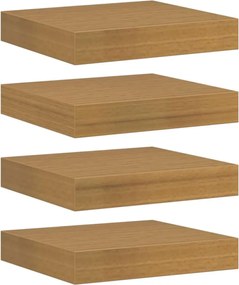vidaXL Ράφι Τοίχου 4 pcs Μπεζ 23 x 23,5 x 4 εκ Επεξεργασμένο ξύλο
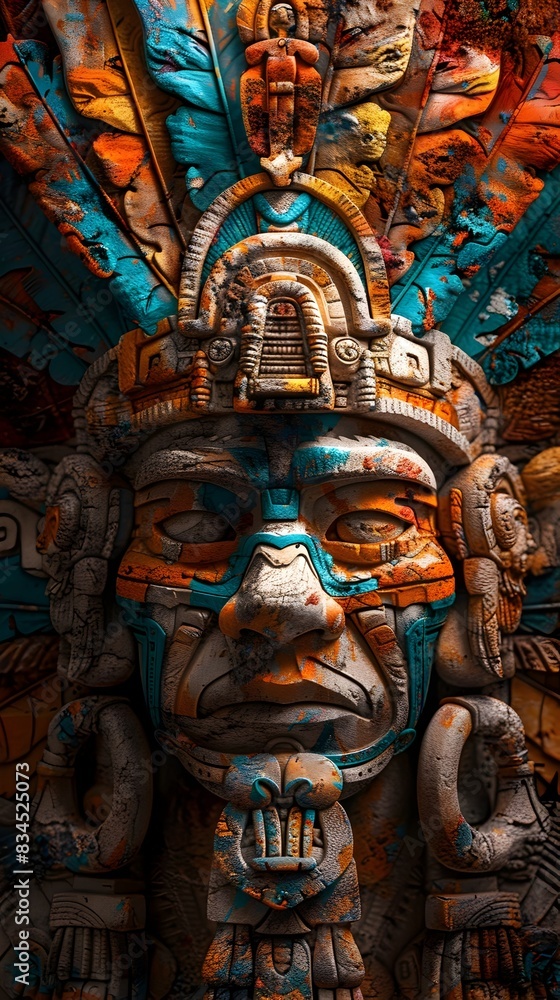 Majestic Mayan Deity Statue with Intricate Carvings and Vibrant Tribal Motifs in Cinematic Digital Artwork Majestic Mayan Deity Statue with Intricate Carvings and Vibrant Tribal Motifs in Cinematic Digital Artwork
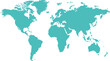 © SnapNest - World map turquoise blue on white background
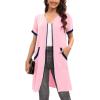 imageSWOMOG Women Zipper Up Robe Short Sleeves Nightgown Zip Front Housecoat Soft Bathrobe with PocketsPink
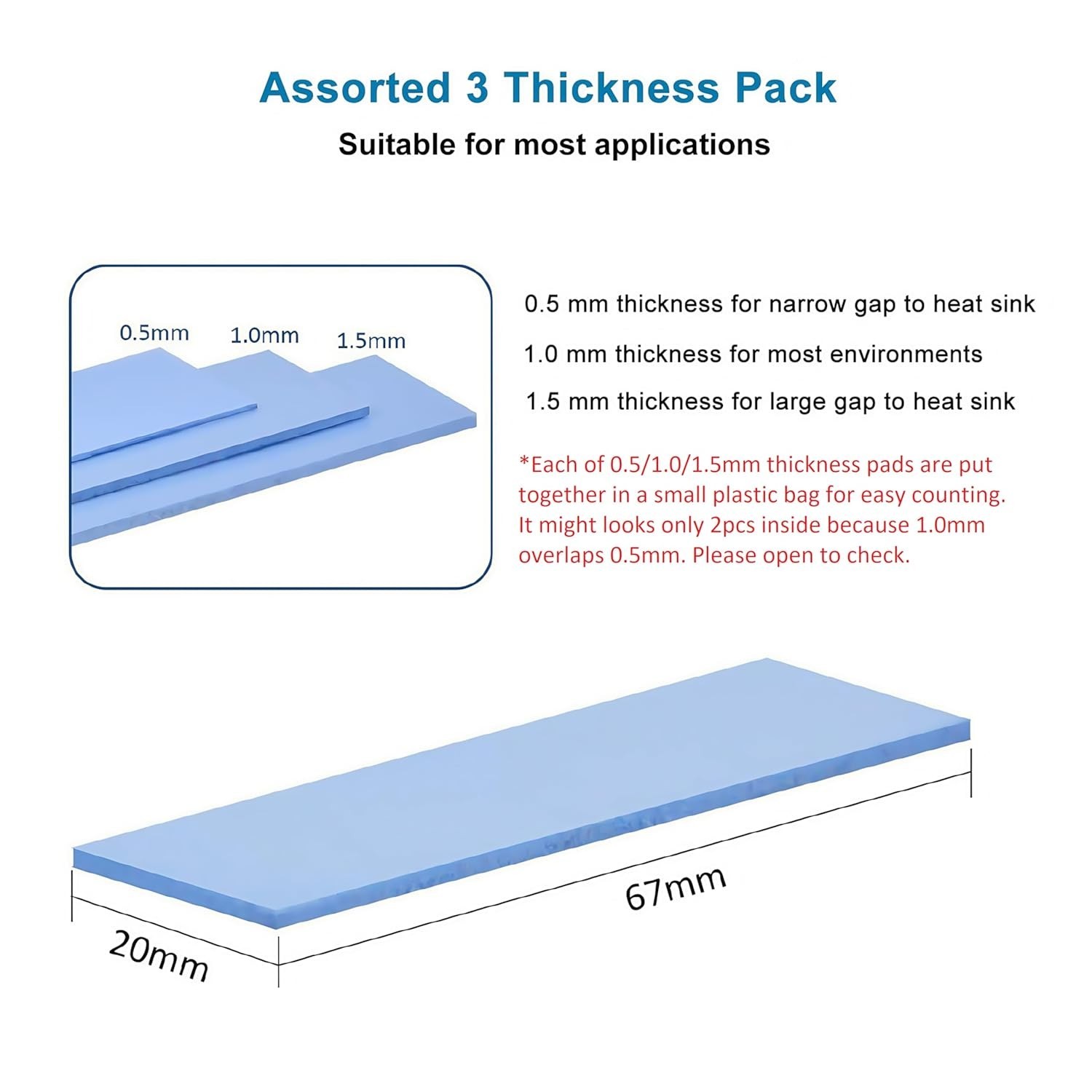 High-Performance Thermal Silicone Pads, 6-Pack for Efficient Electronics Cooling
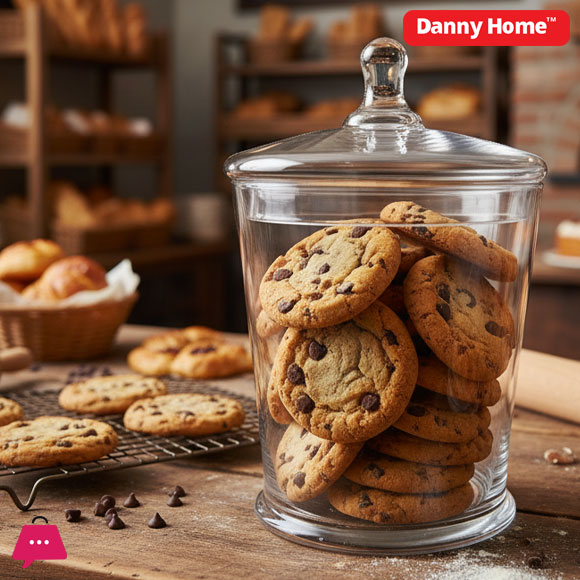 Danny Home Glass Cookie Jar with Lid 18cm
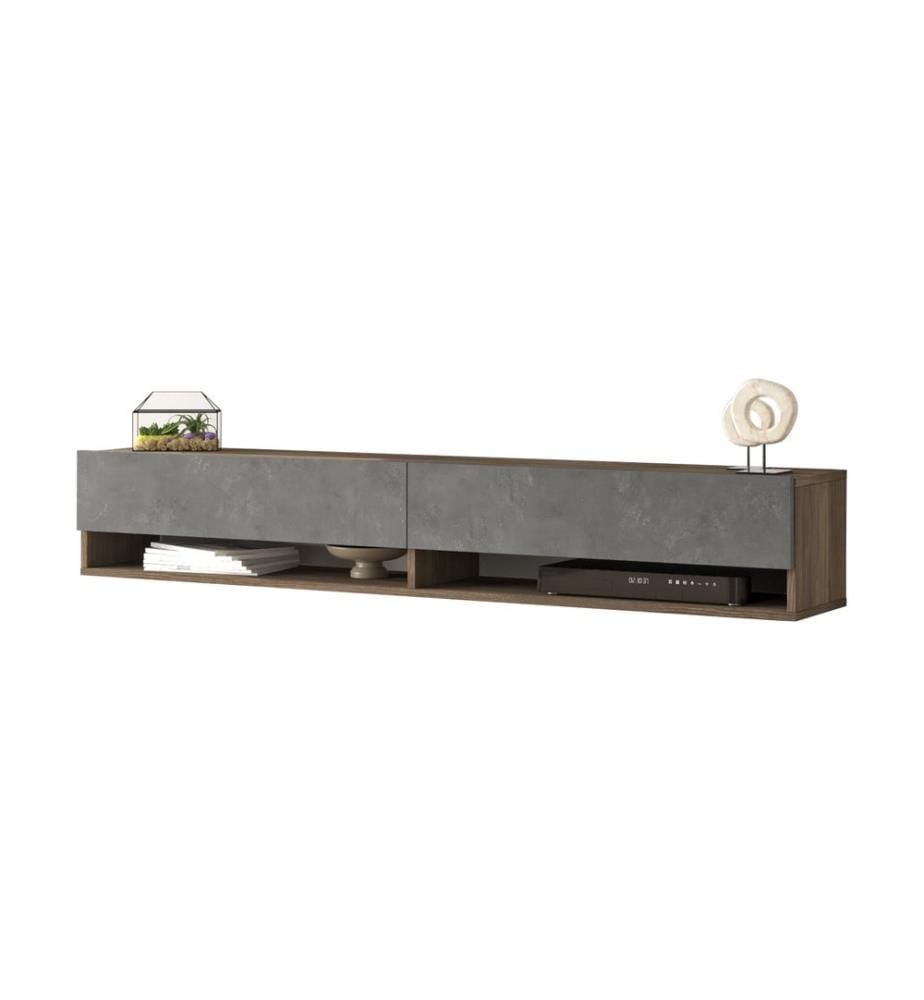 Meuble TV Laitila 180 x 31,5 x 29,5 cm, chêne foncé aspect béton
########################################
WHAT IS NEEDED — Repeat the records above word for word, apart from the pictures.

WRITTEN SOLUTION —
vidaXL Ράφι Τοίχου 4 pcs Μπεζ 23 x 23,5 x 4 εκ Επεξεργασμένο ξύλο
 Majestic Mayan Deity Statue with Intricate Carvings and Vibrant Tribal Motifs in Cinematic Digital Artwork Majestic Mayan Deity Statue with Intricate Carvings and Vibrant Tribal Motifs in Cinematic Digital Artwork
 © SnapNest - World map turquoise blue on white background
 imageSWOMOG Women Zipper Up Robe Short Sleeves Nightgown Zip Front Housecoat Soft Bathrobe with PocketsPink
 High-Performance Thermal Silicone Pads, 6-Pack for Efficient Electronics Cooling
 Danny Home Glass Cookie Jar with Lid 18cm
 Meuble TV Laitila 180 x 31,5 x 29,5 cm, chêne foncé aspect béton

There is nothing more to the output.